_Problem to work on_
Starting at the line below with "FORD MONDEO - 2003" and stopping at the line with "Chapter 20, page 78", please print each line exactly, those two included, and skip every picture.

_Dataset entries_
▬▬▬

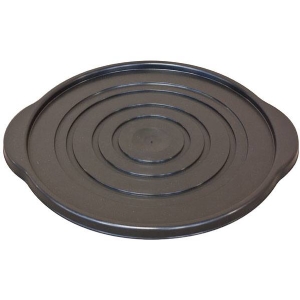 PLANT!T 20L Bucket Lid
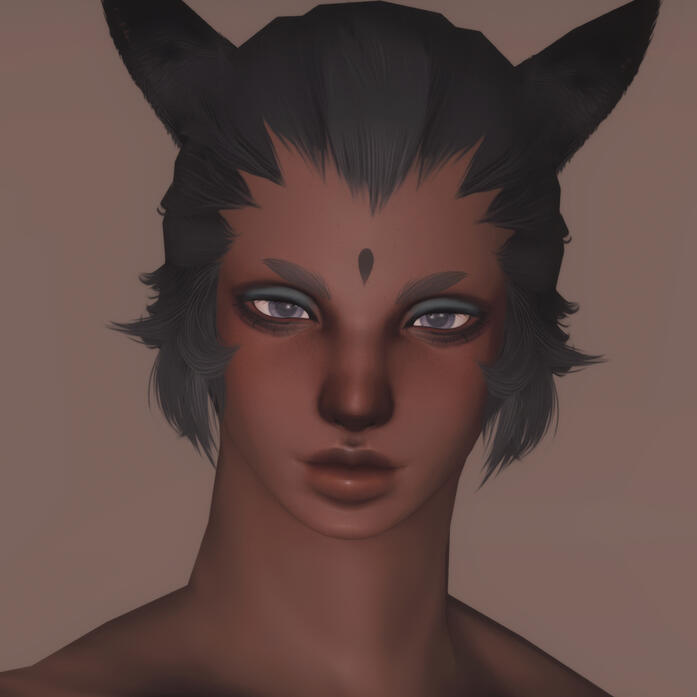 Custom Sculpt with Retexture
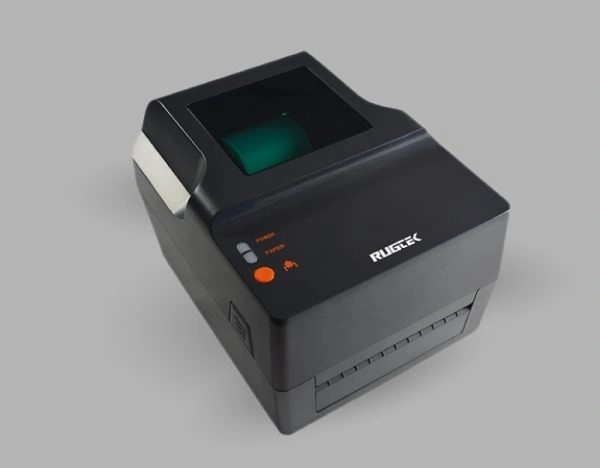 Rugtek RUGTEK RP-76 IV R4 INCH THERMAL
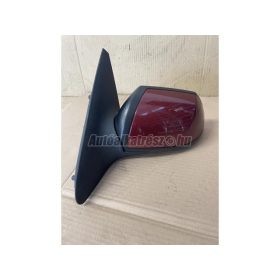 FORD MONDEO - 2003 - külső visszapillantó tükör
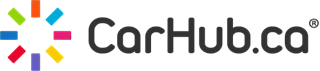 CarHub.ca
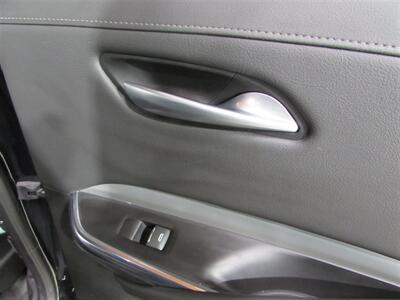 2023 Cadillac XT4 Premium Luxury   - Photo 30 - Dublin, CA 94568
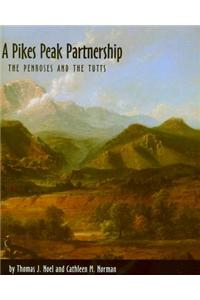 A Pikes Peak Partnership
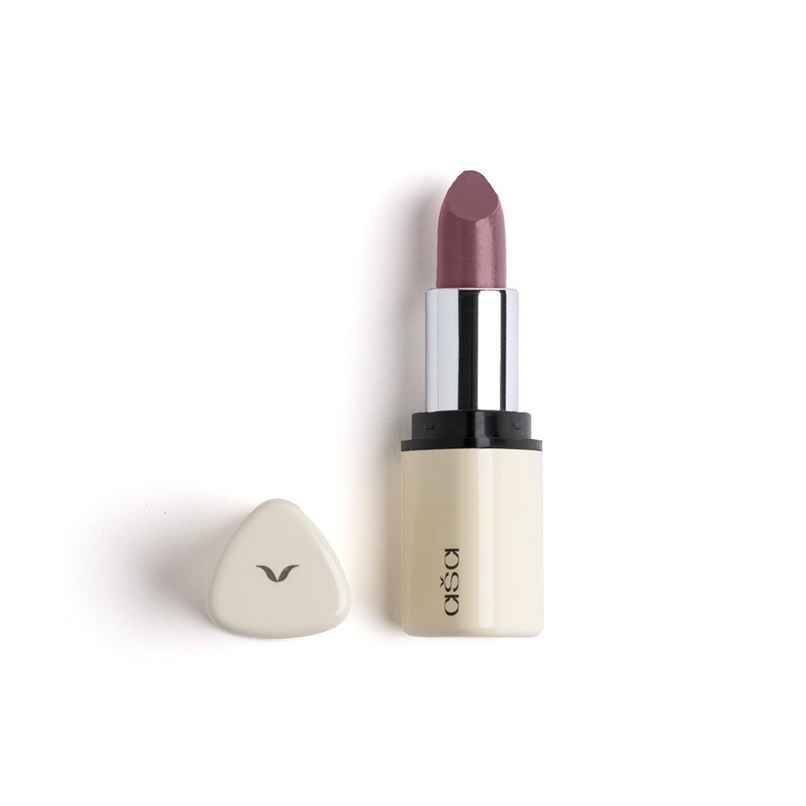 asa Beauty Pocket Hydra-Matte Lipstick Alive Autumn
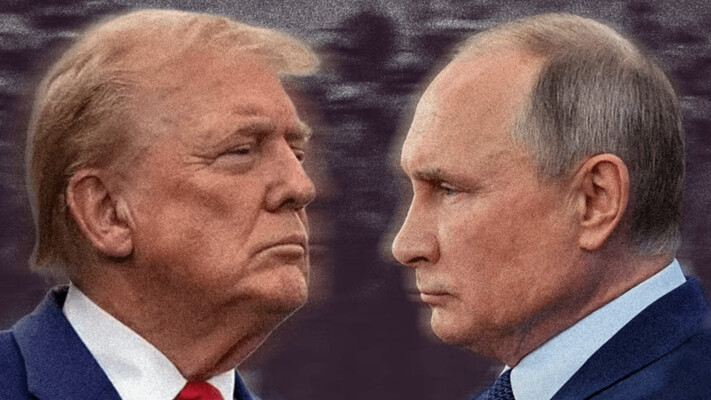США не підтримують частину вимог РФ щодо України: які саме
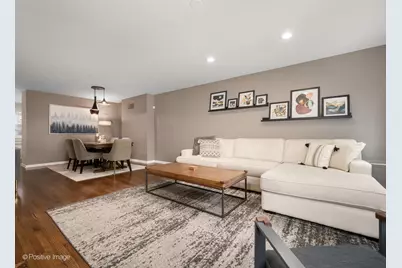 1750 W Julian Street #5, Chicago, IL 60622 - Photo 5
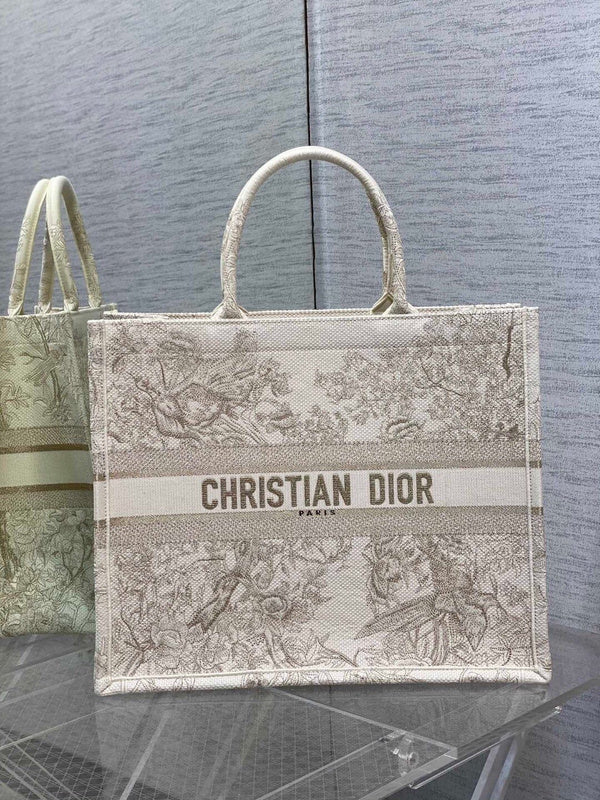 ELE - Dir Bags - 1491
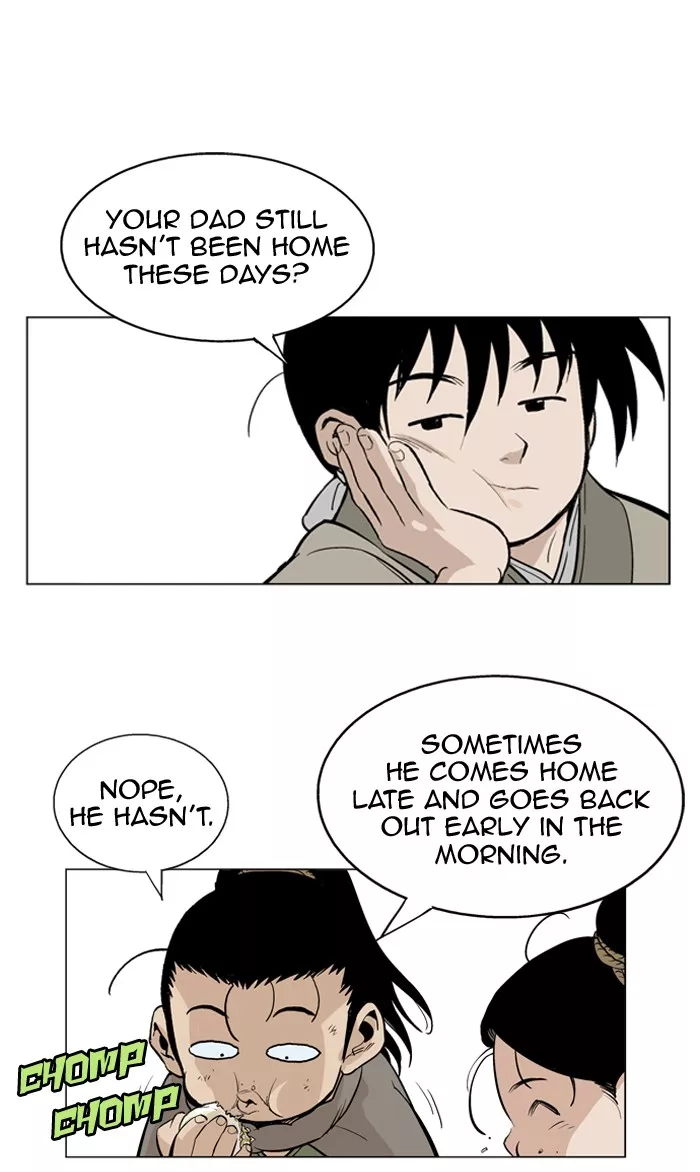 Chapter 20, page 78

▬▬▬

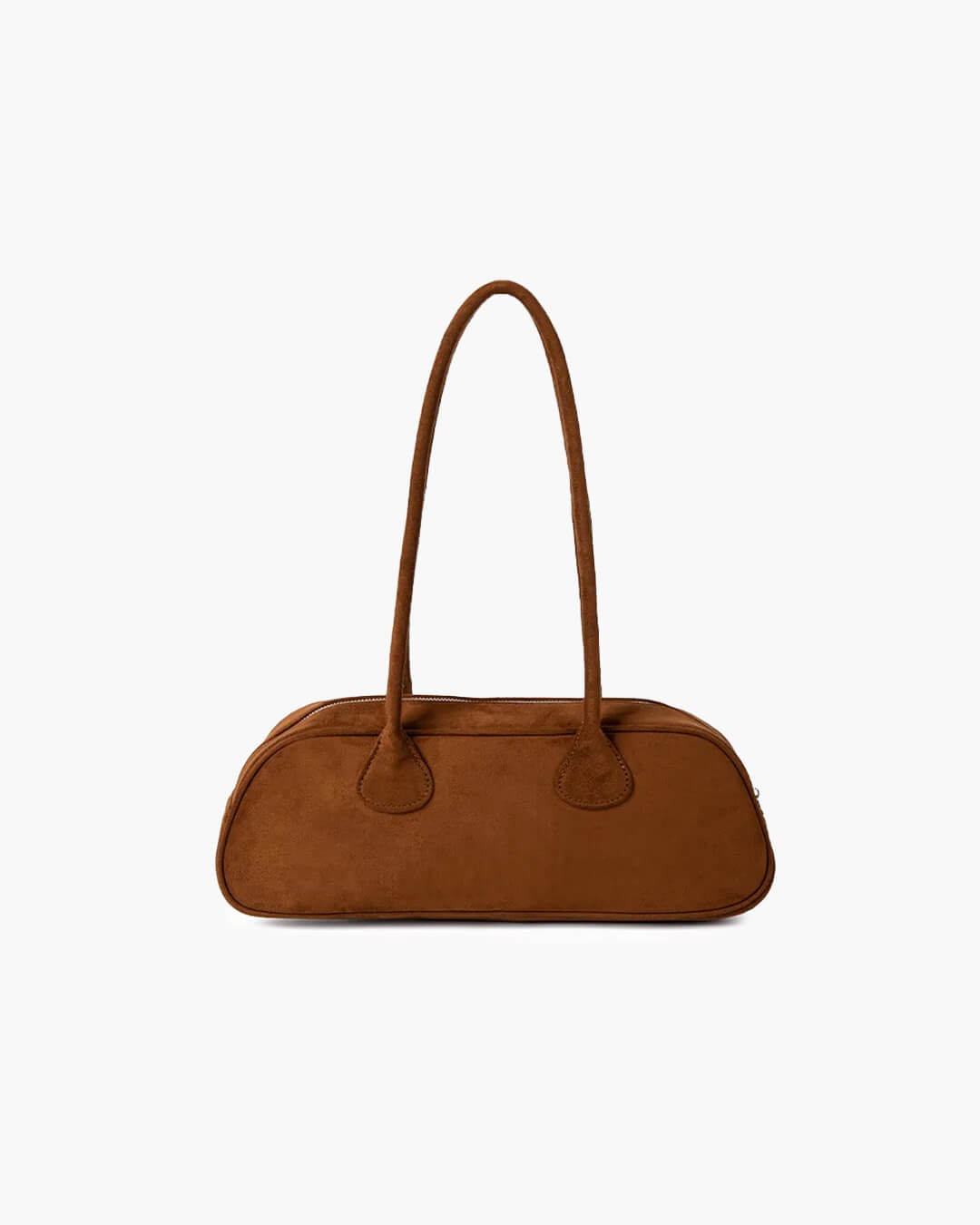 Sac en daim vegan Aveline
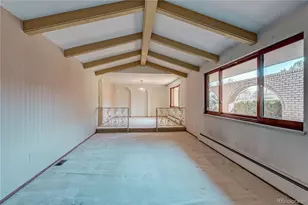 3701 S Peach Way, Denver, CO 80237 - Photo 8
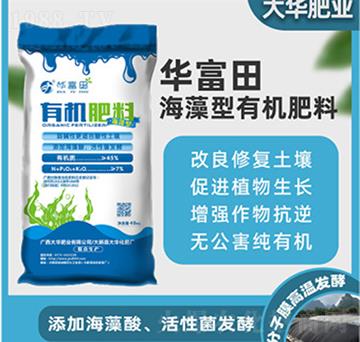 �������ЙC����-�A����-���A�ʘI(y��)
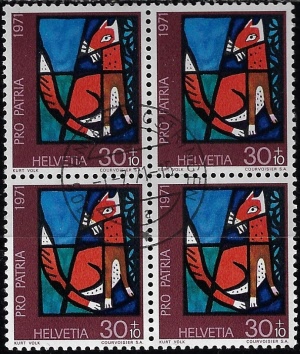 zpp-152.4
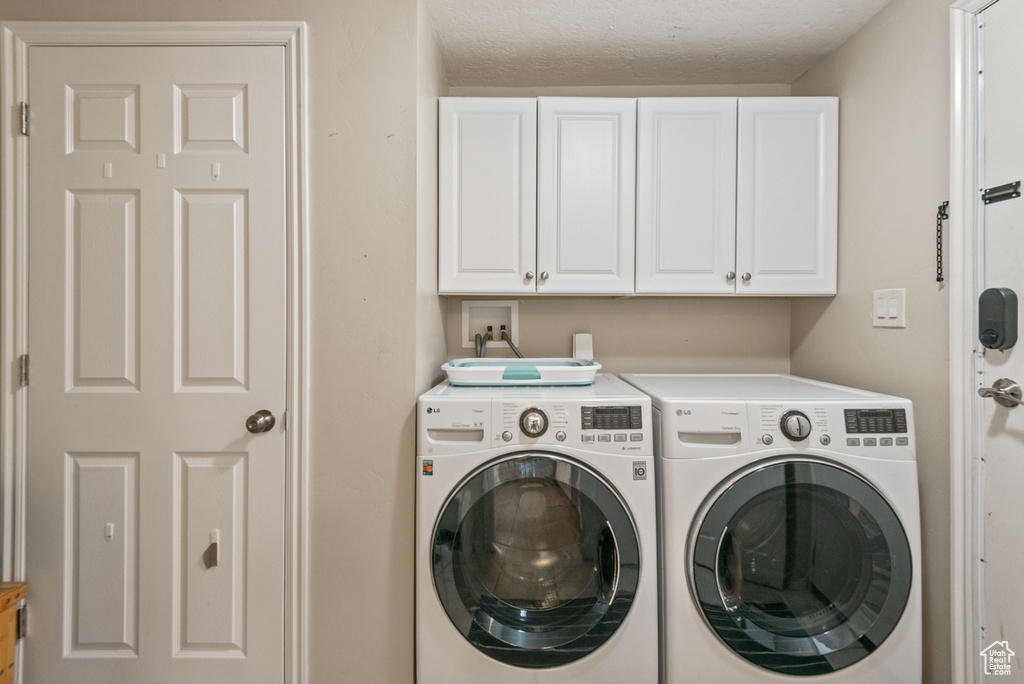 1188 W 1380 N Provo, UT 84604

▬▬▬

_Completed exercise_
 FORD MONDEO - 2003 - külső visszapillantó tükör
 CarHub.ca
 2023 Cadillac XT4 Premium Luxury   - Photo 30 - Dublin, CA 94568
 A Pikes Peak Partnership
 asa Beauty Pocket Hydra-Matte Lipstick Alive Autumn
США не підтримують частину вимог РФ щодо України: які саме
 1750 W Julian Street #5, Chicago, IL 60622 - Photo 5
 ELE - Dir Bags - 1491
 Chapter 20, page 78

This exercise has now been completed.